Essay: “Postcard from Cairo: on mobility and alternative cosmopolitanisms”. Singapore’s cosmopolitanism has evolved not only over the past two centuries, but arguably over at least 700 years. Our variant is unique, as the world’s only sovereign state cum global city post world war two. The coevolution of these dual identities comes with its irrepressible tensions. Like any sovereign state, we cultivate a national identity that prioritises citizens, and is occasionally suspicious of foreigners, if not outright nativist—antithetical to the openness a global city needs.
Singaporeans can be considered “cosmolanders”, a portmanteau of “cosmopolitan” and “heartlander” coined by Tan Tai Yong, historian and then president of Yale-NUS College, in 2019. Whether or not we each want to own that awkward label, Tan was certainly right in arguing that there is a “constant need for accommodation, acceptance, and adaptation as the global and local both negotiate for space in Singapore.”

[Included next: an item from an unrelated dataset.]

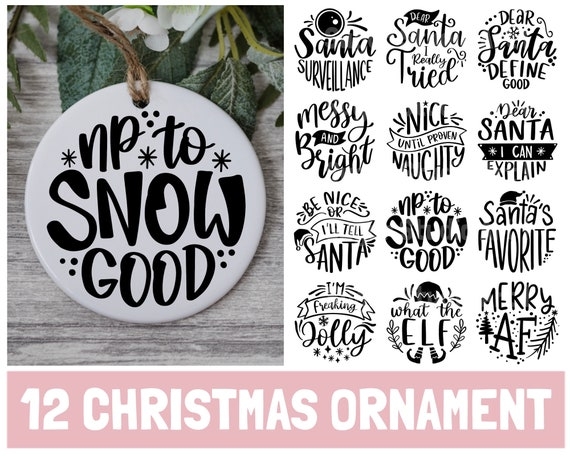 Christmas Ornament Clear Disc Santa Surveillance Text Graphic Print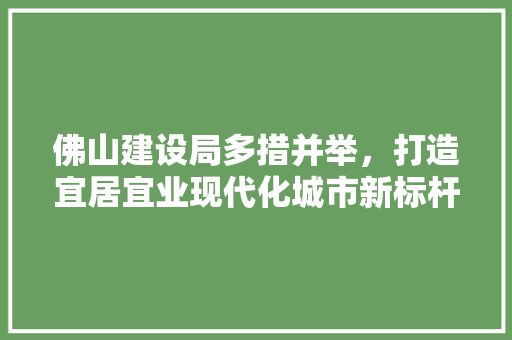 佛山建设局多措并举，打造宜居宜业现代化城市新标杆 佛山建设局多措并举，打造宜居宜业现代化城市新标杆 神马SEO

But are we really constrained to this post-1965 version of cosmopolitanism? Of course not. There are a multitude of directions in which we can, together, nurture a new 21st century variant, one that’s maybe more conscious and reflective of our environmental and financial impact on the region, more welcoming of lower-wage migrants—and not just the global elite.
That’s one of many reasons why this week’s essay by Zafirah Zein is such an important read.
“The ‘cosmopolitan’ Cairene sits in mixed-gender, upscale cafes modelled on their European or American counterparts; and has a taste for cappuccino rather than Arabic or Turkish ahwa.
But while such spaces reflect one strand of Cairene cosmopolitanism, it is not the cosmopolitanism I am interested in exploring, nor the one most visible to me in Cairo. As a Singaporean Malay who grew up more acquainted with English and the global monoculture, I found myself more drawn to the intersection of Arab and Islamic worlds that sit at the city’s core.”
What happens when we move from one cosmopolitan mindset to another? Even as Zafirah revels in the wonder of her interactions in Um Al Dunya, Mother of the World, she describes the city’s complexities, contradictions and injustices. “Cairo, with all its flaws, has offered me another view of cosmopolitanism, woven by both the universal and the particular, the material and spiritual.”
And finally, in a week when Donald Trump suggested that Gaza should be ethnically cleansed so that real estate moguls can create a “Riviera of the Middle East”, it’s appropriate that Zafirah’s story begins with Reem, a Palestinian woman who had taken a week to reach Cairo overland from northern Gaza. That the universe conspired to bring together two women from such vastly different places is, perhaps, the essential beauty of cosmopolitanism.
“Why are you here?” Reem asked Zafirah. Read her essay to find out. You just might start asking yourself that same question more often.
Jom bertemu,
Sudhir
Editor-in-chief, Jom
Behind Jom’s art, with Charmaine Poh
Marie Toh, our regular postcard illustrator, has drawn a Cairo rich with references of everyday life in the mega-city. Grand mosques, Arabic typography and bright hijabs bob above the quotidian in a crowded, diverse sea of people. Marie presents us with a long exposure of a place that is too vast to contain. Yet, through her floating snapshots of the cityscape, she’s also able to create space for distinct, intimate moments for both its inhabitants and visitors.